Of the entries that follow, how many lines hold the string "Sink"? Write the number and nothing more.

DATA FOR ANALYSIS:
=== Section Start ===

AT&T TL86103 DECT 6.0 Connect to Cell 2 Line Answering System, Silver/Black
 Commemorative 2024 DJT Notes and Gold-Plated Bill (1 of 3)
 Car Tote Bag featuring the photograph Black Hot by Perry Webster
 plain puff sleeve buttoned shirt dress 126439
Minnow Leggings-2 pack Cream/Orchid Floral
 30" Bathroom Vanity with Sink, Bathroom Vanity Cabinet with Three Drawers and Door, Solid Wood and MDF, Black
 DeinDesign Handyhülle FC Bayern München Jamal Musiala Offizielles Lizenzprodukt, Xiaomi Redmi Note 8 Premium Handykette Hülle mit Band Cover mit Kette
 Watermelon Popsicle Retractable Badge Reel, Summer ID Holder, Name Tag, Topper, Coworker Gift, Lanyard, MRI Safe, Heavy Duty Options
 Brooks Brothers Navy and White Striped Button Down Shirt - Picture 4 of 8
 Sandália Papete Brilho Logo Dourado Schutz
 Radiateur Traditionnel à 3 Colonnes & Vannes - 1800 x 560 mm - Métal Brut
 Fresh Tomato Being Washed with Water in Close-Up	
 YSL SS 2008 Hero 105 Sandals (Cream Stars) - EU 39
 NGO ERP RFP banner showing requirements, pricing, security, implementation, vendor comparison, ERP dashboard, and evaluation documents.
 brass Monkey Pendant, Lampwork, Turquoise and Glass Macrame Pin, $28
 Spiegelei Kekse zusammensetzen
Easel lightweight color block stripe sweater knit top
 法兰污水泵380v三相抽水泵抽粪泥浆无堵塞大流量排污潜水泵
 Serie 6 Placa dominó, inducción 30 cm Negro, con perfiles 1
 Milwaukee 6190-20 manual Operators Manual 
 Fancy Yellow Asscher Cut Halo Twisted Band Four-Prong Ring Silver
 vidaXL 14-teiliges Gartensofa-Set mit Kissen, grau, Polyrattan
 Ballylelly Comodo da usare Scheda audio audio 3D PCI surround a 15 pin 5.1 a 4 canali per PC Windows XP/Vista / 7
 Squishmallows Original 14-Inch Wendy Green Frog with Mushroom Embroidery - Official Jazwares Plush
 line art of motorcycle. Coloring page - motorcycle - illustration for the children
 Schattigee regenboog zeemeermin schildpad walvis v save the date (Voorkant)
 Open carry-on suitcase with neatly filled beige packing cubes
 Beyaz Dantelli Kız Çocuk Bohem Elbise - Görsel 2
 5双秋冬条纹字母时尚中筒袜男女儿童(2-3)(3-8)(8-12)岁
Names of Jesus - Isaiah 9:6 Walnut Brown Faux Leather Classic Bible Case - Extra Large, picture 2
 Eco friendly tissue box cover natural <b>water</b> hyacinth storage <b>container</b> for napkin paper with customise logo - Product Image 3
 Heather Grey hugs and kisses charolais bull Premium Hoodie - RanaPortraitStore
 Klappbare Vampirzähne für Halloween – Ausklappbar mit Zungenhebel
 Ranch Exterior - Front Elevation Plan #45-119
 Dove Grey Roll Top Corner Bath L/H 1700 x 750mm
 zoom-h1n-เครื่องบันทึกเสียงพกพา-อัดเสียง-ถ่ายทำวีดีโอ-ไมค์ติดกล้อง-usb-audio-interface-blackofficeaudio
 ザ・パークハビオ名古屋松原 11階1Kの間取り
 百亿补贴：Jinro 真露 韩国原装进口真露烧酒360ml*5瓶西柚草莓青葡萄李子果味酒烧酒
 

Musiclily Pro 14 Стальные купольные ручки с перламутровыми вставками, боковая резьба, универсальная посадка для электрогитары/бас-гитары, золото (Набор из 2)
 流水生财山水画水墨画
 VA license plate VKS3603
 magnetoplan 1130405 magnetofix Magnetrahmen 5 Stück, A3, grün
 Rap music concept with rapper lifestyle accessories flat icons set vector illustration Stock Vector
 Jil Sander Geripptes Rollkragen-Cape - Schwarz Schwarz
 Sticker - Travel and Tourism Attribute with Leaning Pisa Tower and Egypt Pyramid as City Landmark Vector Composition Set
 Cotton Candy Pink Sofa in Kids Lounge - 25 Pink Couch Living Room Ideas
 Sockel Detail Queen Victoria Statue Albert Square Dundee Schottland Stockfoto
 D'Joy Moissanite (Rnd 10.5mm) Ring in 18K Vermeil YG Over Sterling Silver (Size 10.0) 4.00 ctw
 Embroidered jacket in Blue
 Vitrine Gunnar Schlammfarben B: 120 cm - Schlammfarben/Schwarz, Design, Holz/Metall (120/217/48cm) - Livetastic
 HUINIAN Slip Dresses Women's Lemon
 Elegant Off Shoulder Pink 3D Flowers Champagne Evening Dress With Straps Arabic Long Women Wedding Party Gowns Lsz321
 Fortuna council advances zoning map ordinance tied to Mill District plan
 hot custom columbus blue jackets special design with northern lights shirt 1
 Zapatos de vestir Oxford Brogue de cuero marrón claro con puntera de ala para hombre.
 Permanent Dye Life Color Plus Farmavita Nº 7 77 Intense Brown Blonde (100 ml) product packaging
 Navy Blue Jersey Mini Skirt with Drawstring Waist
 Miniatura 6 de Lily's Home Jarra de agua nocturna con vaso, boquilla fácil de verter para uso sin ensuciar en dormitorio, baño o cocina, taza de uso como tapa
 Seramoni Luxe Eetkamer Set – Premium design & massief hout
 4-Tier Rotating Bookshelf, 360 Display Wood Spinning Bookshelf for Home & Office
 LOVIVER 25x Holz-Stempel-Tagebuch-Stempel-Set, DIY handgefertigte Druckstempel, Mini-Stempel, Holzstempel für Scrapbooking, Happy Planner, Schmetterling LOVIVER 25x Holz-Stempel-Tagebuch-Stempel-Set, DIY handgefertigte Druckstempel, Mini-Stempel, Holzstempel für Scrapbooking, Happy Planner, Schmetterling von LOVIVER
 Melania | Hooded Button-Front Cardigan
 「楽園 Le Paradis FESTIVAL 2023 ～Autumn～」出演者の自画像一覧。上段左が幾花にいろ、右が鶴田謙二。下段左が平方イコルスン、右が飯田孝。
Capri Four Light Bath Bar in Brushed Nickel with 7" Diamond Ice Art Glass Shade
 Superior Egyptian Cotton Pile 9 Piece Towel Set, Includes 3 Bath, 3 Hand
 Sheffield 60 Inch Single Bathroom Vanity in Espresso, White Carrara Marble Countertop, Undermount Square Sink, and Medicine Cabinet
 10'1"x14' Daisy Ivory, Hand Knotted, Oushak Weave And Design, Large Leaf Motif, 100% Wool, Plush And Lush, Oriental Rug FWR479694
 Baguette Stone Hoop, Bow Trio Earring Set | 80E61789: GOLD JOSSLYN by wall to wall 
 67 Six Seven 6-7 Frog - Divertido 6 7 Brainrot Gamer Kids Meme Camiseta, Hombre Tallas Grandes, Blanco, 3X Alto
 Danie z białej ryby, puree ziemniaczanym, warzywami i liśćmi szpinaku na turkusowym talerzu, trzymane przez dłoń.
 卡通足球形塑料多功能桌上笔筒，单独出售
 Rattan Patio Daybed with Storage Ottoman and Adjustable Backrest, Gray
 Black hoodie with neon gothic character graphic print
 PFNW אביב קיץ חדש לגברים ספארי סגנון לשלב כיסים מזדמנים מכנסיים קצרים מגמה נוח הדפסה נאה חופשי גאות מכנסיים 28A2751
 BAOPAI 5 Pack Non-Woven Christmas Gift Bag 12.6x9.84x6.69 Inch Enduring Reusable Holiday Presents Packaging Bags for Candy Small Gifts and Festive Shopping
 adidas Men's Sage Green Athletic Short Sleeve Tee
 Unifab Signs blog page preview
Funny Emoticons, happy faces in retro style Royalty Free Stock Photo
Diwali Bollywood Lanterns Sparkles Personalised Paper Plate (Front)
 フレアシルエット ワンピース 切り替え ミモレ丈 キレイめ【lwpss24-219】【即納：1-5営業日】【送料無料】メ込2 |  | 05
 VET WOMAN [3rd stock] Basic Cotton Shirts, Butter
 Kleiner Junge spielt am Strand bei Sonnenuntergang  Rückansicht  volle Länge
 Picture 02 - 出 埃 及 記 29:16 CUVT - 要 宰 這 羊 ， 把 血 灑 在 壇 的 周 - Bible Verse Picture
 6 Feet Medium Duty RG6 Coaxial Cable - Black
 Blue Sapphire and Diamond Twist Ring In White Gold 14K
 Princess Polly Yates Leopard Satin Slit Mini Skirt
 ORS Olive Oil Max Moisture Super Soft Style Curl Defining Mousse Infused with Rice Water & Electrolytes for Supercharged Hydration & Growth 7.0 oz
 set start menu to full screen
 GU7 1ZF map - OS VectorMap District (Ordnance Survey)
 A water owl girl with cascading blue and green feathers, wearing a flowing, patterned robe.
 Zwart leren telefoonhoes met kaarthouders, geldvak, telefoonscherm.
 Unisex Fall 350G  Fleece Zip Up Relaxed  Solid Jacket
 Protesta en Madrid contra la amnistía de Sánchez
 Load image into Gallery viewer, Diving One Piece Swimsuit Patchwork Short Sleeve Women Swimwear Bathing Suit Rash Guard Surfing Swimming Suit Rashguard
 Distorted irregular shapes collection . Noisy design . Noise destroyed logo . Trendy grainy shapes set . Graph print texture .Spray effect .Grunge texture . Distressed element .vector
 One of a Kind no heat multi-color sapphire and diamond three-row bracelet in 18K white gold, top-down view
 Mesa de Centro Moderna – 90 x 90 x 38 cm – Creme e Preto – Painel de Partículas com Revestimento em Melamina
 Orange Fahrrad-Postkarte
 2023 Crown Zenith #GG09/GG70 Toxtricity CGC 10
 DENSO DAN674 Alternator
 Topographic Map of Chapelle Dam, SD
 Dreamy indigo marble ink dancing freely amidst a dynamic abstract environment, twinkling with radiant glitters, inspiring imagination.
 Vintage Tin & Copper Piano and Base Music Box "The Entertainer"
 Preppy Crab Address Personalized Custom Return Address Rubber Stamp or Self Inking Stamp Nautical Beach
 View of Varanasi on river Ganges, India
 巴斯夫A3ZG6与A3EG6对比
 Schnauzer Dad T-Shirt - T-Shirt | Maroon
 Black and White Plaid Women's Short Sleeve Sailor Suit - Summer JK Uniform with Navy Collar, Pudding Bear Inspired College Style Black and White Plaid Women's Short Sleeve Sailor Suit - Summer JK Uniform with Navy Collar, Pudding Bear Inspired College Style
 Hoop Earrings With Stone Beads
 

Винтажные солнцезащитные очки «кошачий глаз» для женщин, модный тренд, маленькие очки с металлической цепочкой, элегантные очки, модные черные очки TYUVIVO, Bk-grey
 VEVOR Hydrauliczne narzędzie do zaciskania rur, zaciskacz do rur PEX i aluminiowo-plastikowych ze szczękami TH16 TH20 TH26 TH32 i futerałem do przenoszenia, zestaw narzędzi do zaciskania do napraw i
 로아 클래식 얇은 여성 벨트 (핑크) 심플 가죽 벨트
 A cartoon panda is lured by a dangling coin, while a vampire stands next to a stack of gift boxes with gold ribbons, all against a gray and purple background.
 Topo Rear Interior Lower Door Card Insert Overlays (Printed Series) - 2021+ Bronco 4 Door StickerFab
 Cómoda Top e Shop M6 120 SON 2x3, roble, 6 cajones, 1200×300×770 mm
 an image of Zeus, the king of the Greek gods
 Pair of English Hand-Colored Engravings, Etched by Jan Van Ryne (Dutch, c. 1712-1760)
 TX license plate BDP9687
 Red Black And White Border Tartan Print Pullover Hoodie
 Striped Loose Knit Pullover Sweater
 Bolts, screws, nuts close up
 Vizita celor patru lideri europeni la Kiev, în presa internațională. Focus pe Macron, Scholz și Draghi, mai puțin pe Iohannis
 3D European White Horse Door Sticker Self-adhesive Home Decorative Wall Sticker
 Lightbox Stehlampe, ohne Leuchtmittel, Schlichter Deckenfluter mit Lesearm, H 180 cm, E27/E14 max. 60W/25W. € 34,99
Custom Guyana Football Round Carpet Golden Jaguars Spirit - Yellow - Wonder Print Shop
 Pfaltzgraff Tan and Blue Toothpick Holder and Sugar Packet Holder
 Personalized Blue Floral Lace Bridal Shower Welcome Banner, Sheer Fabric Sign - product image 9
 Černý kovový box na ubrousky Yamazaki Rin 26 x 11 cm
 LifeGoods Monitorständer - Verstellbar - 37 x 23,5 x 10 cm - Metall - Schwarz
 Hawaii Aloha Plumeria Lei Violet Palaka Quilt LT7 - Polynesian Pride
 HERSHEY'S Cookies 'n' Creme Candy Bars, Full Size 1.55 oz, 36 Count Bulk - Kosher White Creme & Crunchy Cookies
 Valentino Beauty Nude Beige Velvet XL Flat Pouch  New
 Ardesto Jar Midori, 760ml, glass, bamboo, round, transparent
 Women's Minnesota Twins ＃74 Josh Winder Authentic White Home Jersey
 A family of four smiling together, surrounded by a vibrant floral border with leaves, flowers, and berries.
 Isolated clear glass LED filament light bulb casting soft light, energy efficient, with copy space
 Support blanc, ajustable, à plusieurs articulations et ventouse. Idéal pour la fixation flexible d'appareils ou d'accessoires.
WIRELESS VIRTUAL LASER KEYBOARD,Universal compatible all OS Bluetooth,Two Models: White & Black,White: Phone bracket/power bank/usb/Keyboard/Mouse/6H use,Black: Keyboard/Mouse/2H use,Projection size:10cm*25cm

=== Section End ===

SOLUTION TO THIS EXERCISE: 2